Dans un monde de plus en plus digitalisé, l’Europe fait face à une double réalité : sa dépendance croissante aux technologies numériques étrangères et l’impact énergétique considérable de ce secteur. Une récente étude menée par le Cigref et Asterès révèle que le coût économique de cette dépendance numérique est comparable à la facture énergétique de l’Union européenne, un constat de « coût caché » qui soulève des questions cruciales pour la souveraineté et la durabilité du continent.
Un coût astronomique
L’Europe importe massivement ses logiciels, services cloud et infrastructures numériques, principalement des États-Unis. Cette dépendance se traduit par une sortie nette de devises de l’ordre de 264 milliards d’euros par an, soit environ 1,5% du PIB de l’UE. Ce montant englobe les achats de services cloud, de logiciels et d’équipements essentiels au fonctionnement des économies européennes. En comparaison, la facture énergétique européenne, qui regroupe les coûts liés à l’importation de pétrole, gaz et autres sources d’énergie, est d’un même ordre de grandeur.
Cette situation économique est d’autant plus préoccupante que la dépendance numérique renforce la vulnérabilité stratégique de l’Europe. En s’appuyant sur des acteurs étrangers pour ses infrastructures critiques, l’Union s’expose à des risques liés à la souveraineté, à la sécurité des données et à la maîtrise des technologies clés. Le développement d’une industrie numérique européenne compétitive apparaît donc comme une nécessité pour réduire cette dépendance coûteuse.
Un secteur énergivore
Au-delà de l’aspect financier, la dépendance numérique a un impact énergétique majeur. Le secteur numérique mondial consomme déjà entre 10% et 15% de l’électricité mondiale, avec une croissance annuelle estimée entre 8% et 10%. En Europe, l’usage des technologies numériques représente plus de 9% de la consommation électrique totale. Cette consommation englobe non seulement l’utilisation des data centers et des réseaux, mais aussi la fabrication des équipements électroniques, qui nécessite l’extraction de ressources rares.
Les data centers, moteurs du cloud computing, sont particulièrement énergivores. Leur fonctionnement continu et la nécessité de refroidir les équipements génèrent une consommation électrique massive.

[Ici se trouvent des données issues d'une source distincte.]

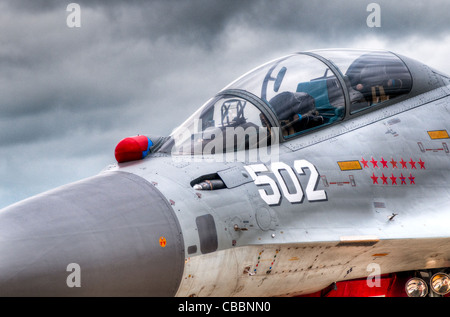 Aereo da combattimento a terra, dettagli del cockpit, cielo blu in background Foto Stock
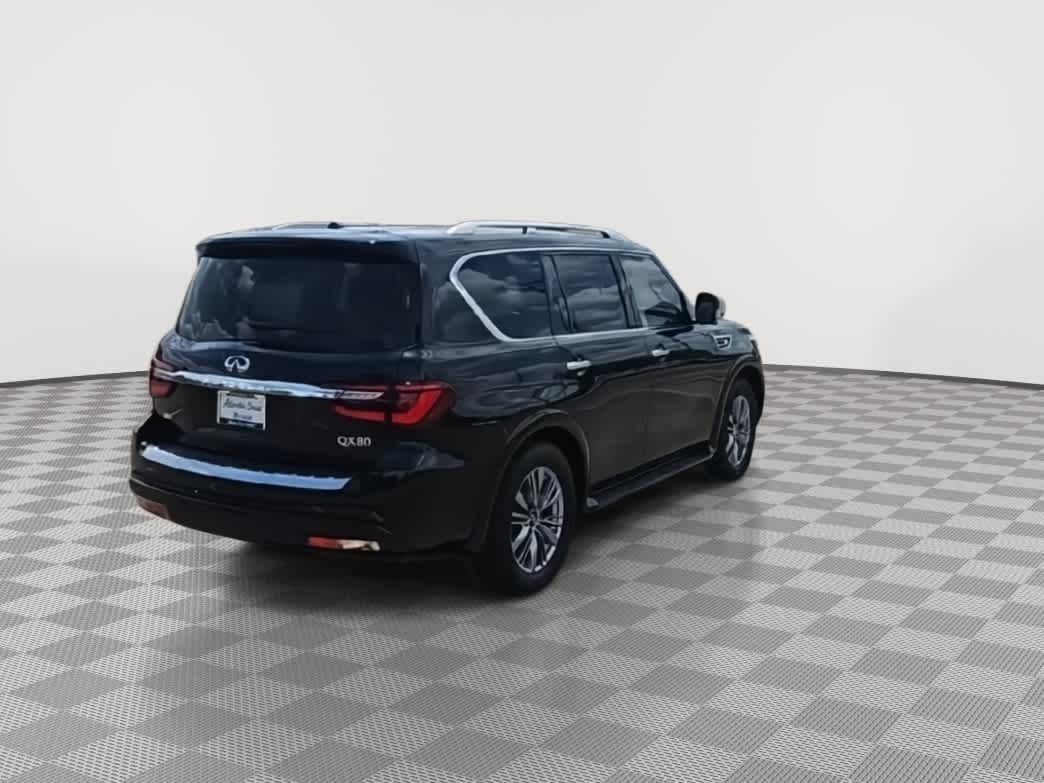 Thumbnail: 2022 INFINITI QX80 - 8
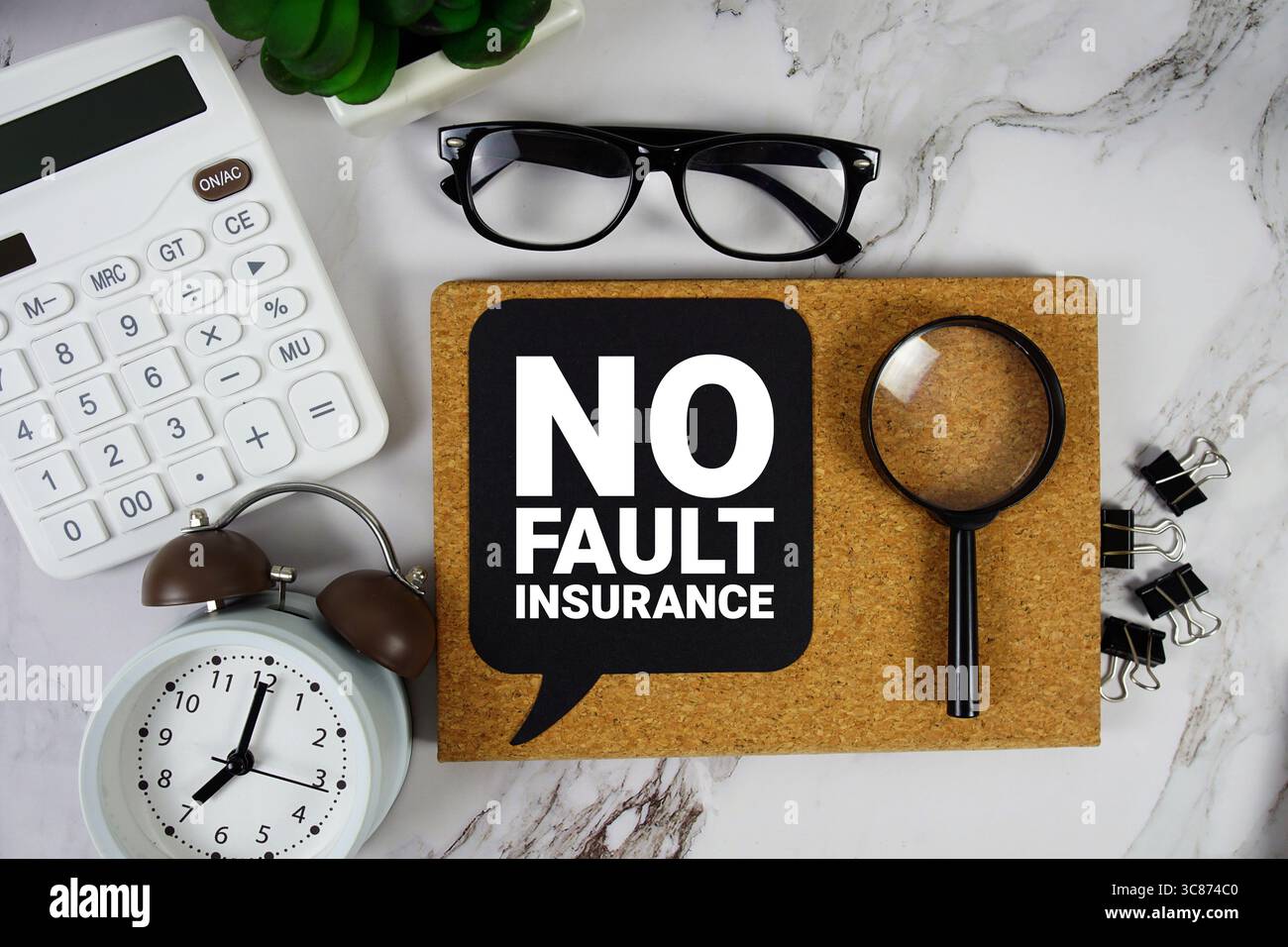 Texte d'assurance sans faute avec calculatrice, réveil et loupe sur fond de marbre Banque D'Images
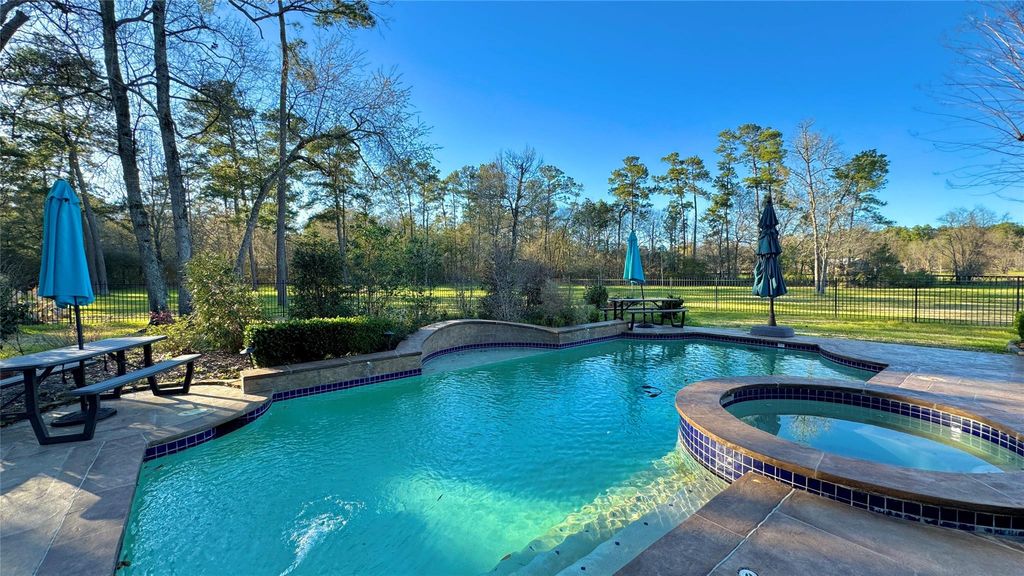 Photo of 15216 Saddlewood Drive, Conroe, TX 77384 (MLS # 59083525)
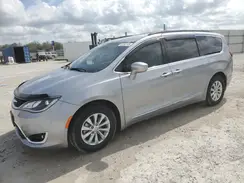 2C4RC1BG0HR836245 2017 CHRYSLER PACIFICA
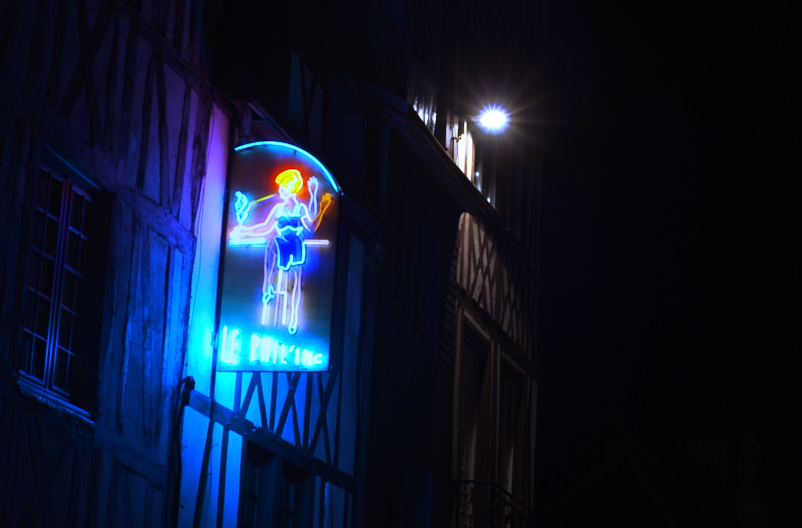 EchelleInconnue's tweet photo. Ce soir #projection gratuite du #film Blouma d'@EchelleInconnue à la #bibliothèque de #Menilles (27) à 20h15 en présence du réalisateur @stanycombat dans le cadre du @MoisDuDoc Voir le #teaser : https://t.co/cskCqmHbqo @fbleuhnormandie @f3htenormandie https://t.co/UViILqDQJN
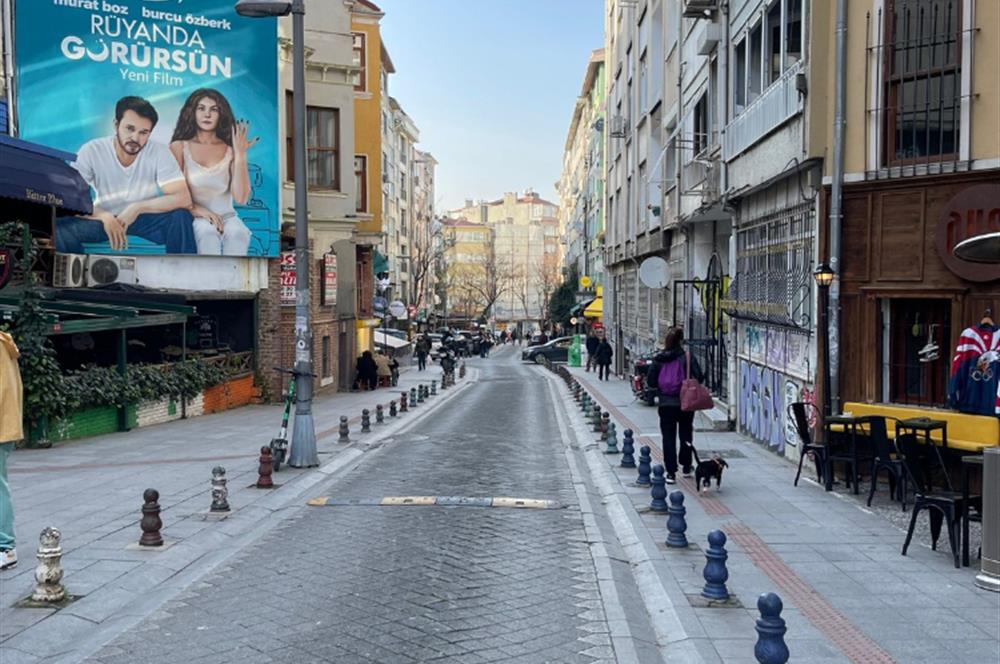 MODA'DA ÇİFT CEPHELİ 2+1 EŞYALI KİRALIK DAİRE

Par ailleurs, la fabrication des appareils numériques implique des processus industriels gourmands en énergie et en matières premières, avec des conséquences sur les émissions de gaz à effet de serre et la production de déchets électroniques.
Vers une souveraineté numérique ?
La convergence du coût économique et énergétique de la dépendance numérique souligne l’urgence pour l’Europe de repenser sa stratégie dans ce domaine. Plusieurs pistes sont à l’étude pour renforcer la souveraineté numérique européenne : encourager la production locale de logiciels et de services cloud, soutenir l’innovation dans les technologies vertes, et promouvoir des standards ouverts et sécurisés.
Par ailleurs, la transition vers un numérique plus durable implique de réduire la consommation énergétique des infrastructures existantes, d’améliorer l’efficacité des data centers, et de favoriser l’économie circulaire pour limiter les déchets électroniques. Ces efforts conjoints permettraient non seulement de réduire la facture énergétique liée au numérique, mais aussi de limiter l’empreinte environnementale globale du secteur.